Le fact-checking, la panacée ?
La technique du fact-checking, s’est depuis quelques années maintenant imposée comme la manière la plus populaire de traquer les fake news. Reconnaissant l’utilité de cette pratique, Yacine Diagne s’interroge sur sa capacité à régler le problème. “Je pense que la démocratisation du fact-checking est une bonne chose mais mon avis est que sa fréquence peut participer d’une certaine banalisation, voire une légitimation des fake news dans l’espace public. Trop de fact-checking ne tuerait pas le fact-checking ?”, interpelle-t-elle.

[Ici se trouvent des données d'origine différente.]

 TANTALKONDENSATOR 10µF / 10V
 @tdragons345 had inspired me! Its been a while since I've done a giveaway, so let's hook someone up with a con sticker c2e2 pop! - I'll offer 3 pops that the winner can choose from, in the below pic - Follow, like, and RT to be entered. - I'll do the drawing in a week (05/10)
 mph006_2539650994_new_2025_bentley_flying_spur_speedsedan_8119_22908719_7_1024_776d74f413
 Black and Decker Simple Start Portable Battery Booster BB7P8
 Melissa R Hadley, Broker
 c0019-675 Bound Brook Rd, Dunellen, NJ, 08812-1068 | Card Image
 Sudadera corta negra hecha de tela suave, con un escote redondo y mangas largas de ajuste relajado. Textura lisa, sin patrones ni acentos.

La juriste Mme Habsatou n’en n’est pas pour autant convaincue. “Je trouve qu’il n’y a pas assez de fact-checking justement. Est-ce que les médias numériques le pratiquent réellement ? Sinon, au-delà de ça, je pense qu’il urge de renforcer la responsabilité des créateurs de contenus”, suggère-t-elle. Une idée reprise par le journaliste Ignace Sossou, également formateur en fact-checking au Burkina Faso. “ Le fact-checking est réalisé sur des faits qui ont un possible impact sur les communautés. On ne fact-checke pas tout. Les internautes ne sont pas si naïfs non plus, ils savent parfois reconnaître les fake news. Le problème est plus au niveau des fake news savamment fabriquées. D’une manière générale, il faut poursuivre et renforcer l’éducation des médias pour que le public puisse être le premier acteur de la crédibilité de l’information”, recommande-t-il.

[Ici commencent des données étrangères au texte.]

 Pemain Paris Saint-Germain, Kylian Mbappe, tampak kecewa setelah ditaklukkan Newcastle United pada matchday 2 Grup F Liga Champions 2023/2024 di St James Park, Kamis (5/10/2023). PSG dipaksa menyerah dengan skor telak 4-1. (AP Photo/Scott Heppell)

Dans tous les cas, précise Yacine Diagne, “le travail d'éducation aux médias est primordial.” Ceci passe par une popularisation des outils de vérification des informations vers le public, suggère Ignace Sossou. “Il ne faut pas considérer le fact-checking comme la chasse gardée des journalistes. Il faut, insiste-t-il, démocratiser les outils de fact-checking pour permettre au grand public et surtout aux jeunes, première cible des fake news. Le fact-checking doit être un permanent état d’esprit critique”. Néanmoins, “l’environnement actuel est favorable aux influenceurs. Meta rémunère mieux les influenceurs que les médias” pointe-t-il. C’est pour cette raison que, estime une participante du Tchad, Nako Mamadjibé, “il faudrait des sensibilisations plus larges sur les lois qui protègent les personnes et les institutions contre un certain libertinage et une délinquance numérique.” Ce sur quoi un autre participant, Kiari Mamadou, rebondit en rappelant que “les lois qui sont adoptées à ce sujet n’ont pas fait l’objet d’une grande vulgarisation.”

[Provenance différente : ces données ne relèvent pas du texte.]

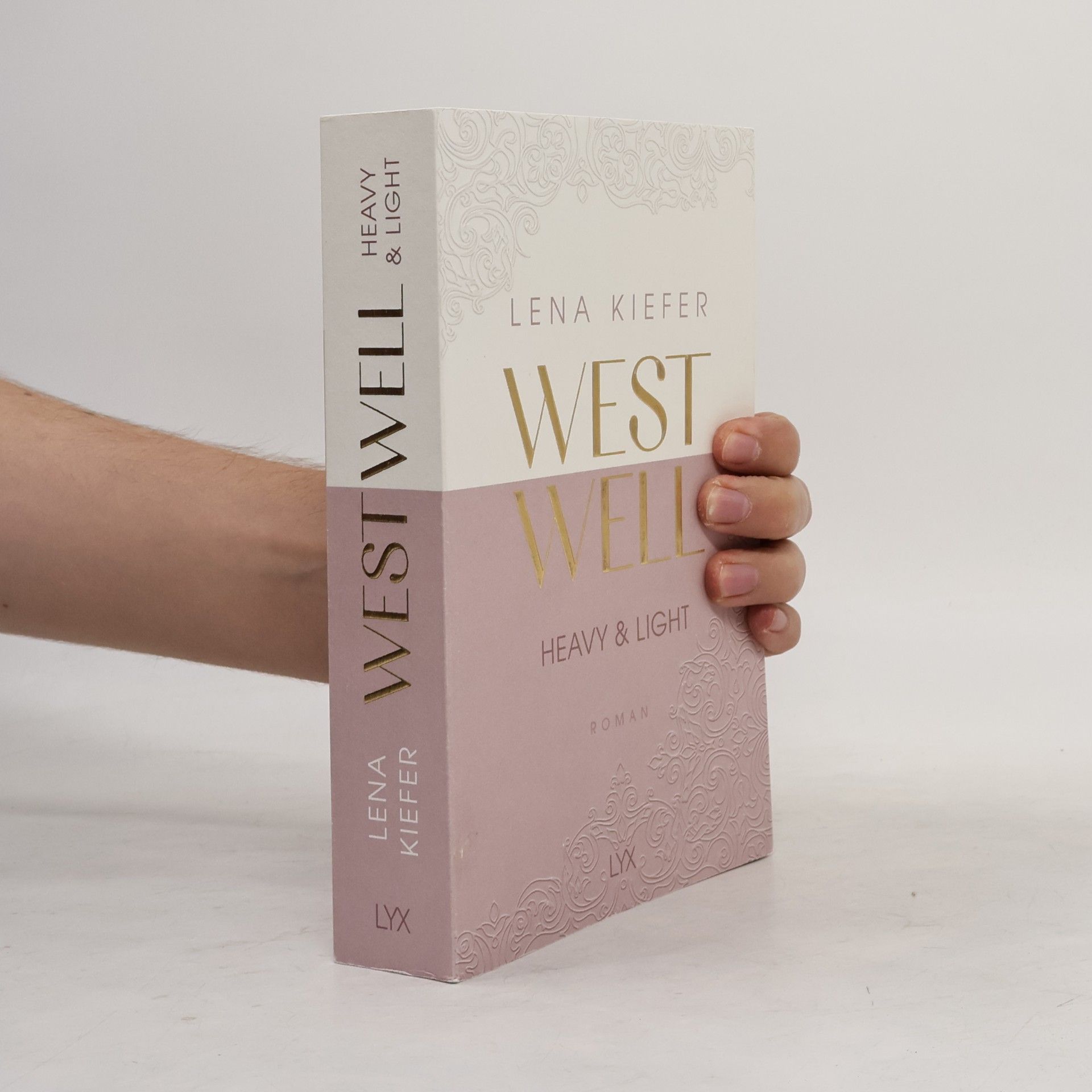 Lena Kiefer Westwell. Heavy & Light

La désinformation est un fléau qui constitue une réelle menace pour la stabilité régionale surtout dans ce contexte fortement marqué par une véritable « guerre de l’information » qui ne dit pas son nom. Pour Dr. Bakary Sambe, « l’impact d’une telle situation sur les médias et le travail journalistique est aujourd’hui exacerbé par l’emprise des réseaux sociaux sur la fabrique de l’opinion et les stratégies de conquête de l’espace médiatique ». A travers l’Observatoire des Réseaux Sociaux, Timbuktu Institute poursuit le travail de recherche et de veille en promouvant des alliances et des partenariats entre les gestionnaires des plateformes, les influenceurs et les médias pour parvenir à une réelle stratégie préventive et lutter efficacement contre la désinformation au Sahel et en Afrique de l’Ouest.